Brief descriptive captions
◆ ◆ ◆ ◆ ◆
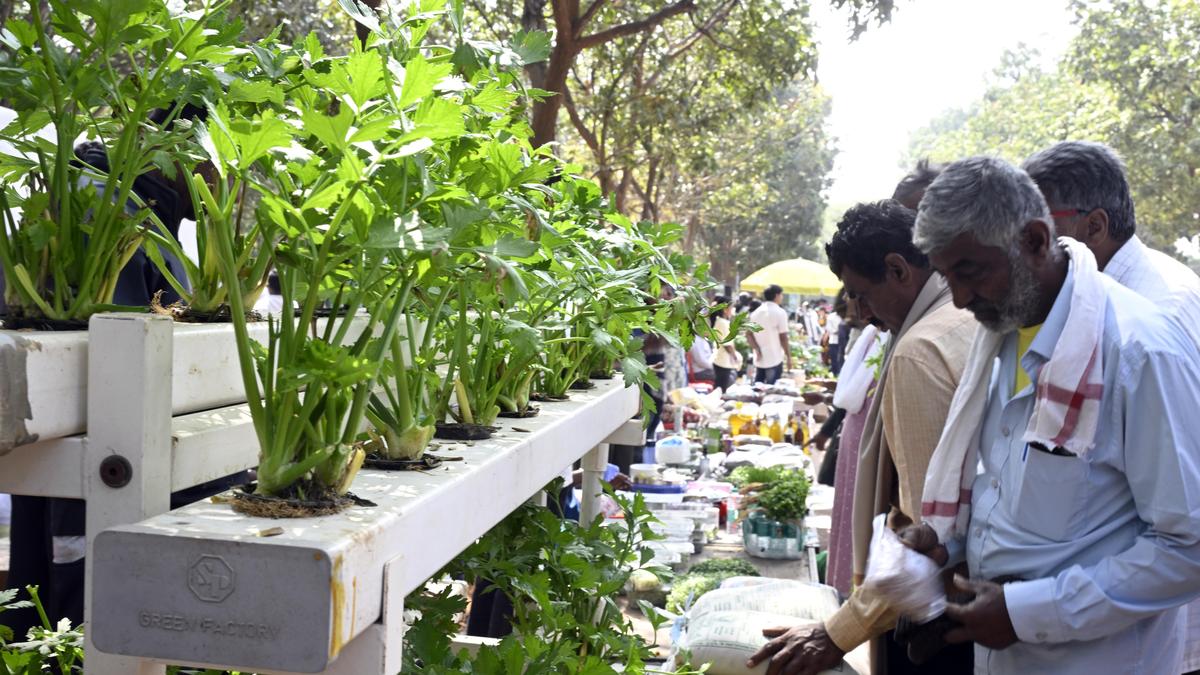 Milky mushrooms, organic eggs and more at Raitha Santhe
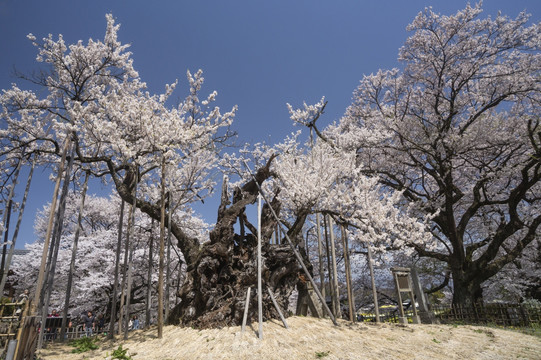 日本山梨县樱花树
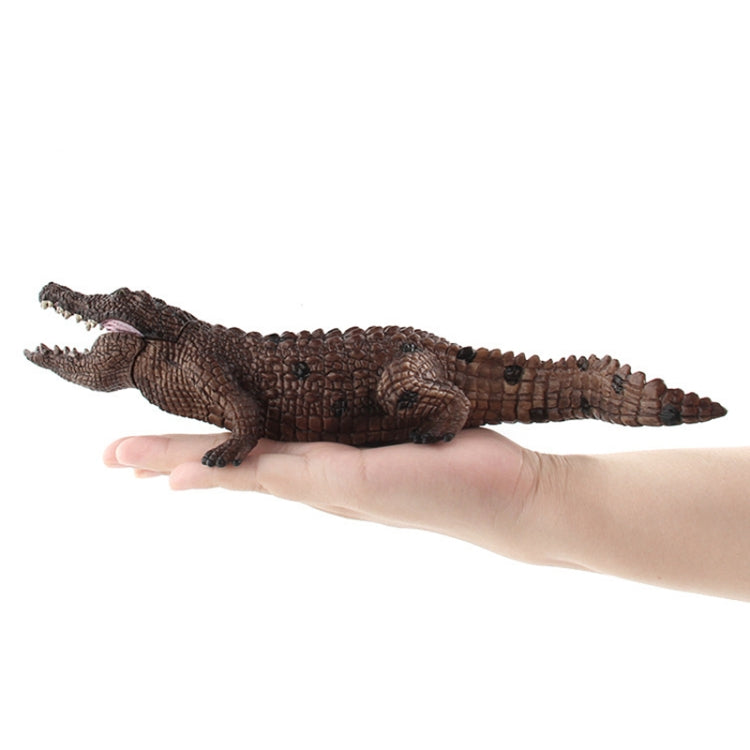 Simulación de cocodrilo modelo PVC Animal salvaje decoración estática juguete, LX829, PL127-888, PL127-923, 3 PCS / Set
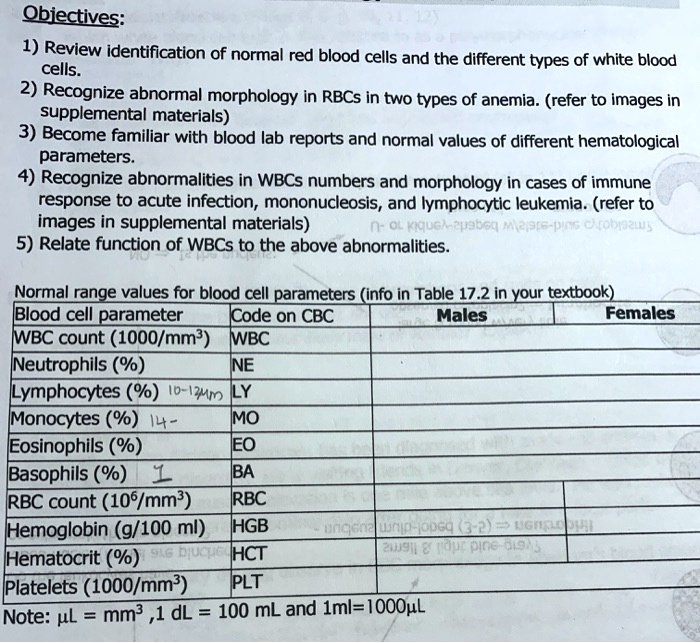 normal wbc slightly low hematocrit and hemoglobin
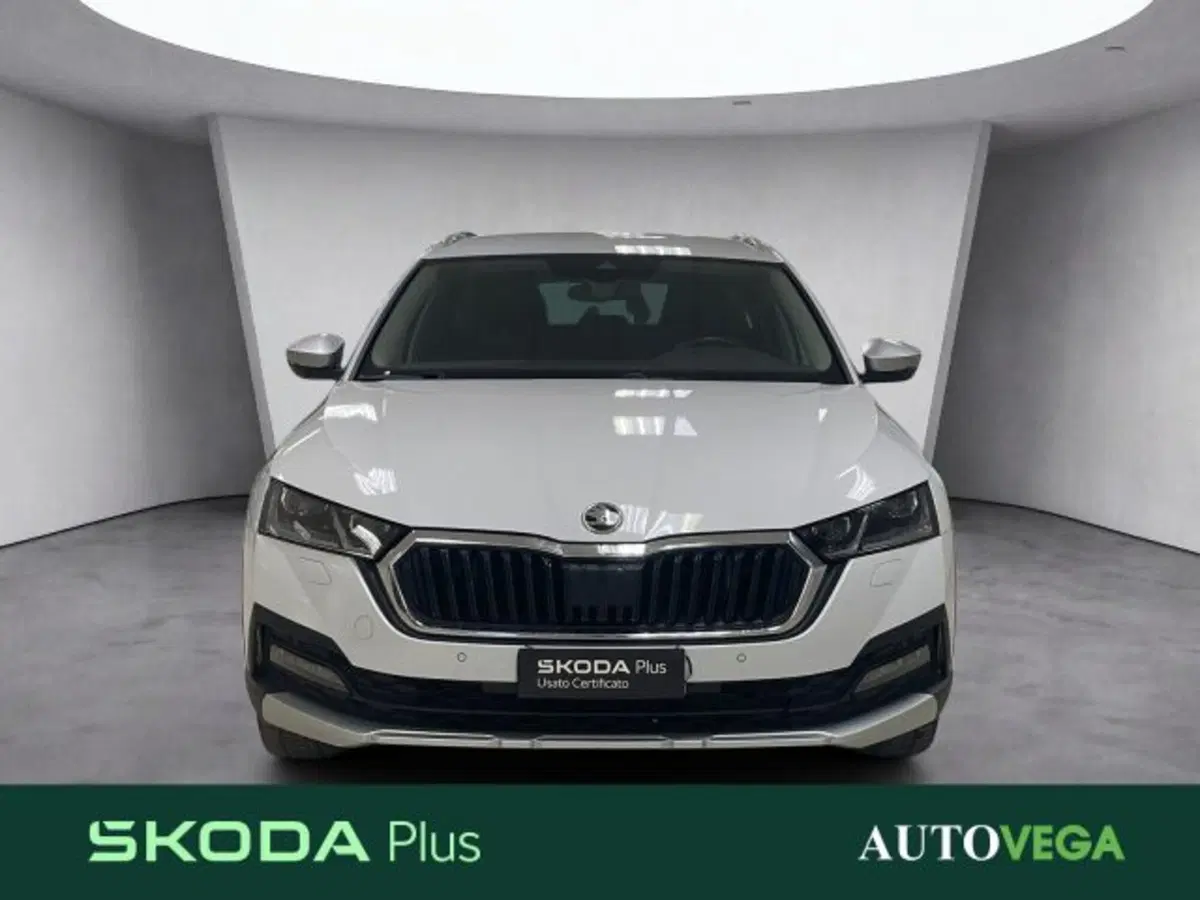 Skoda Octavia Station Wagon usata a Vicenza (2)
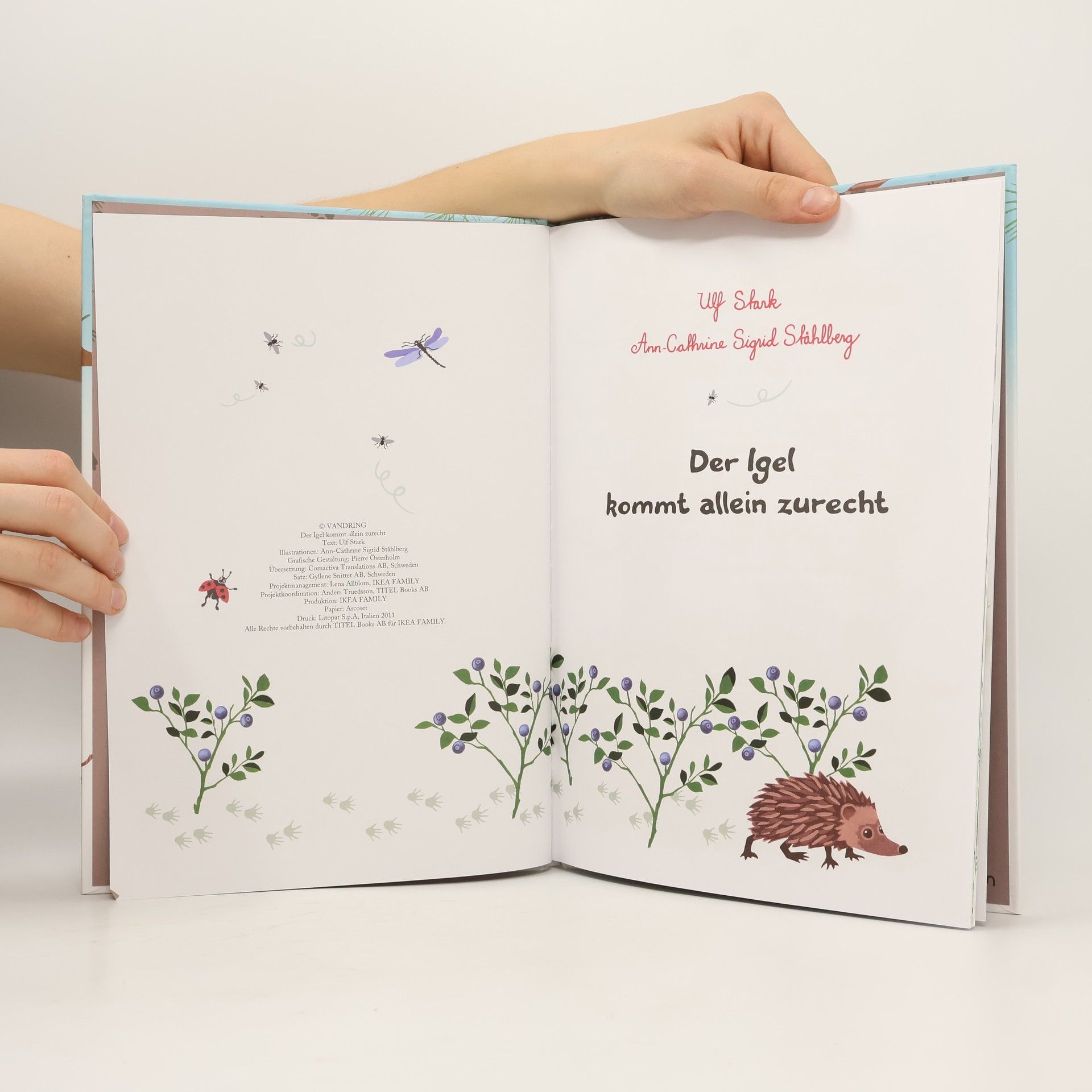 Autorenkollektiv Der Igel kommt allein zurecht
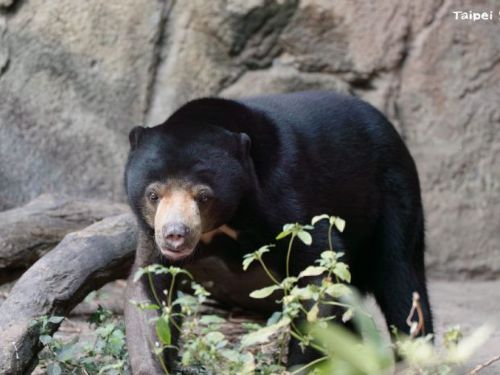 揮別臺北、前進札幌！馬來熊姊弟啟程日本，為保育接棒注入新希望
◆ ◆ ◆ ◆ ◆
#### Task brief
All of the data above should be transcribed verbatim, with pictures omitted.

#### Expected answer
 Milky mushrooms, organic eggs and more at Raitha Santhe
 日本山梨县樱花树
 Simulación de cocodrilo modelo PVC Animal salvaje decoración estática juguete, LX829, PL127-888, PL127-923, 3 PCS / Set
 normal wbc slightly low hematocrit and hemoglobin
 Skoda Octavia Station Wagon usata a Vicenza (2)
 Autorenkollektiv Der Igel kommt allein zurecht
 揮別臺北、前進札幌！馬來熊姊弟啟程日本，為保育接棒注入新希望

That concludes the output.